US/1; ATTN: US/12; HST/2; TJ/2
Most people use social media like Facebook and Twitter to share
photos of friends and family, chat with friends and strangers about
random and amusing diversions, or follow their favorite websites, bands
and television shows.
But what does the US military use those same networks for? Well, we
can't tell you: That's "classified," a CENTCOM spokesman recently
informed Raw Story.
One use that's confirmed, however, is the manipulation of social
media through the use of fake online "personas" managed by the military.
Recently the US Air Force had solicited private sector vendors for
something called "persona management software." Such a technology would
allow single individuals to command virtual armies of fake, digital
"people" across numerous social media portals.
These "personas" were to have detailed, fictionalized backgrounds,
to make them believable to outside observers, and a sophisticated
identity protection service was to back them up, preventing suspicious
readers from uncovering the real person behind the account. They even
worked out ways to game geolocating services, so these "personas" could
be virtually inserted anywhere in the world, providing ostensibly live
commentary on real events, even while the operator was not really
present.
When Raw Story first reported on the contract for this software, it was
unclear what the Air Force wanted with it or even if it had been
acquired. The potential for misuse, however, was abundantly clear.

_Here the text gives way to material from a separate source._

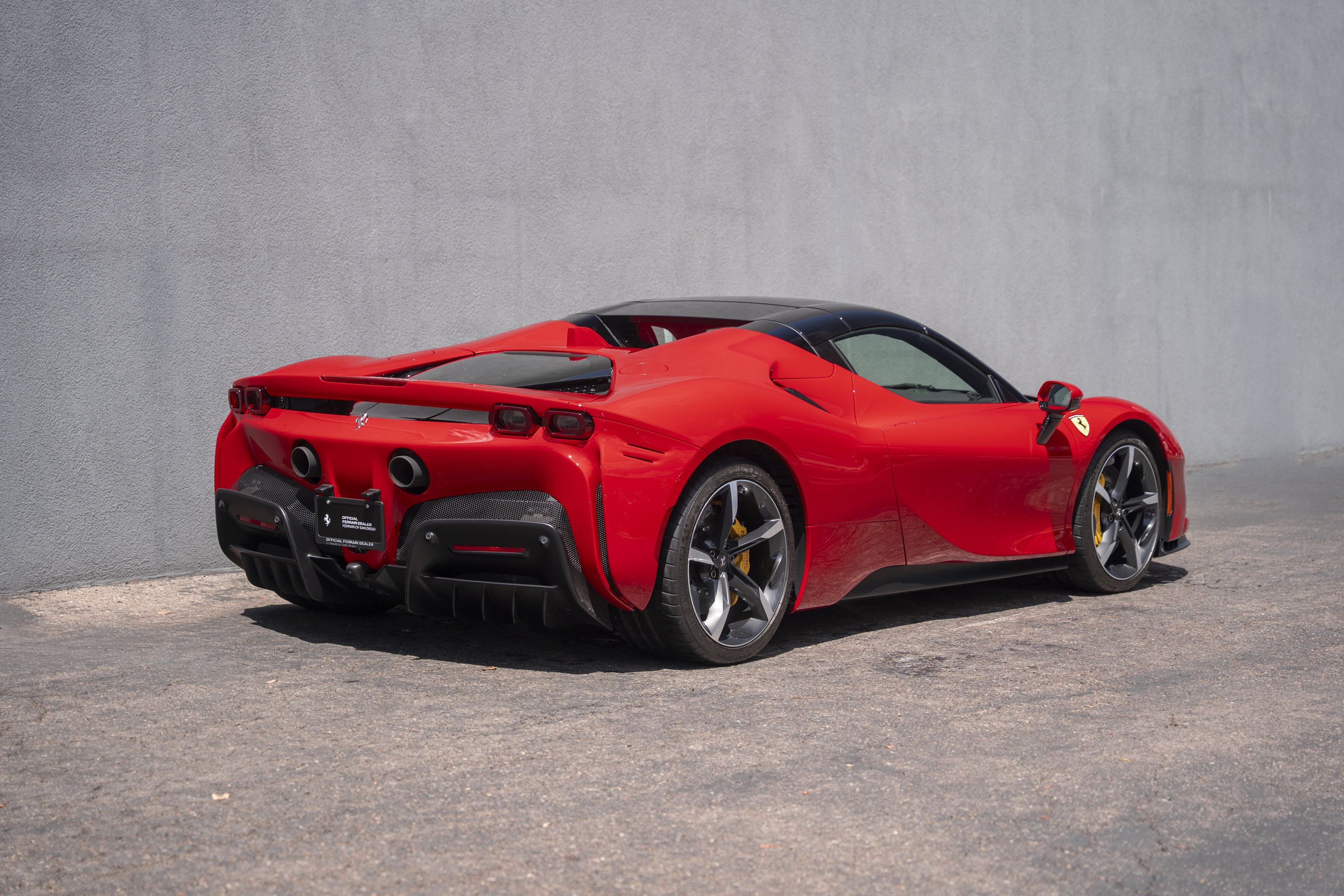Used 2022 Ferrari SF90 Spider AWD/4WD image 11
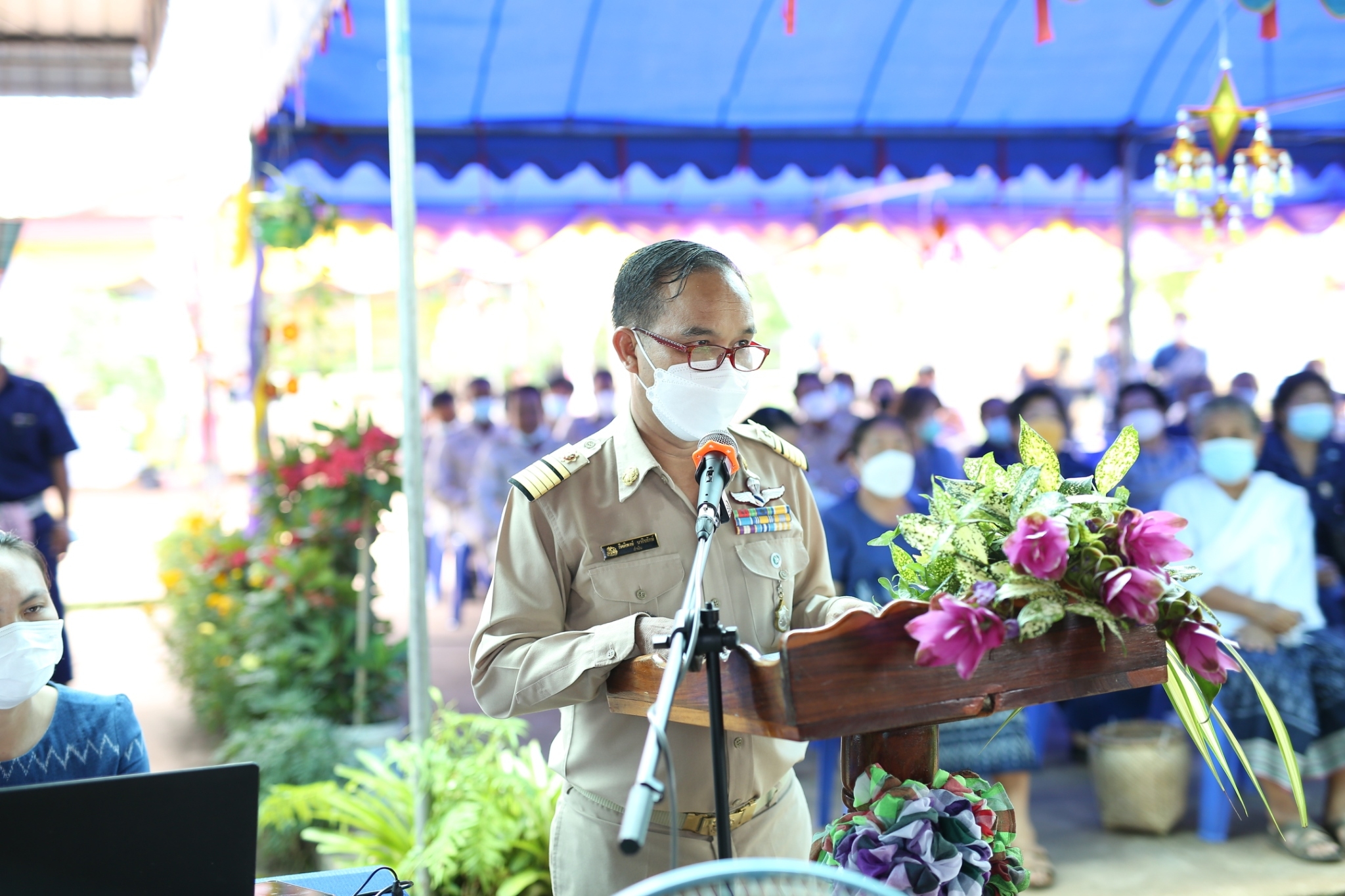 จังหวัดสกลนคร : คัดสรรหมู่บ้านเศรษฐกิจพอเพียง ”อยู่เย็น เป็นสุข”และตำบลเข้มแข็งตามหลักปรัชญาของเศรษฐกิจพอเพียงดีเด่น ระดับจังหวัด ประจำปี 2565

A fake virtual army of people could be used to help create the
impression of consensus opinion in online comment threads, or manipulate
social media to the point where valuable stories are suppressed.
Ultimately, this can have the effect of causing a net change to the public's opinions and understanding of key world events.
Wired.com published an article how US spies are making investments
in the Company In-Q-Tel in order to monitor your blogs and read your
tweets.
In-Q-Tel, the investment arm of the CIA and the wider intelligence
community, is putting cash into Visible Technologies, a software firm
that specializes in monitoring social media. It's part of a larger
movement within the spy services to get better at using "open source
intelligence" - information that's publicly available, but often hidden
in the flood of TV shows, newspaper articles, blog posts, online videos
and radio reports generated every day.
Visible crawls over half a million web 2.0 sites a day, scraping
more than a million posts and conversations taking place on blogs,
online forums, Flickr, YouTube, Twitter and Amazon. (It doesn't touch
closed social networks, like Facebook, at the moment.) Customers get
customized, real-time feeds of what's being said on these sites, based
on a series of keywords.
"That's kind of the basic step - get in and monitor," says company senior vice president Blake Cahill.
Then Visible "scores" each post, labeling it as positive or
negative, mixed or neutral. It examines how influential a conversation
or an author is. ("Trying to determine who really matters," as Cahill
puts it.) Finally, Visible gives users a chance to tag posts, forward
them to colleagues and allow them to response through a web interface.
In-Q-Tel says it wants Visible to keep track of foreign social
media, and give spooks "early-warning detection on how issues are
playing internationally," spokesperson Donald Tighe tells Danger Room.
Of course, such a tool can also be pointed inward, at domestic
bloggers or tweeters. Visible already keeps tabs on web 2.0 sites for
Dell, AT&T and Verizon. For Microsoft, the company is monitoring the
buzz on its Windows 7 rollout. For Spam-maker Hormel, Visible is
tracking animal-right activists' online campaigns against the company.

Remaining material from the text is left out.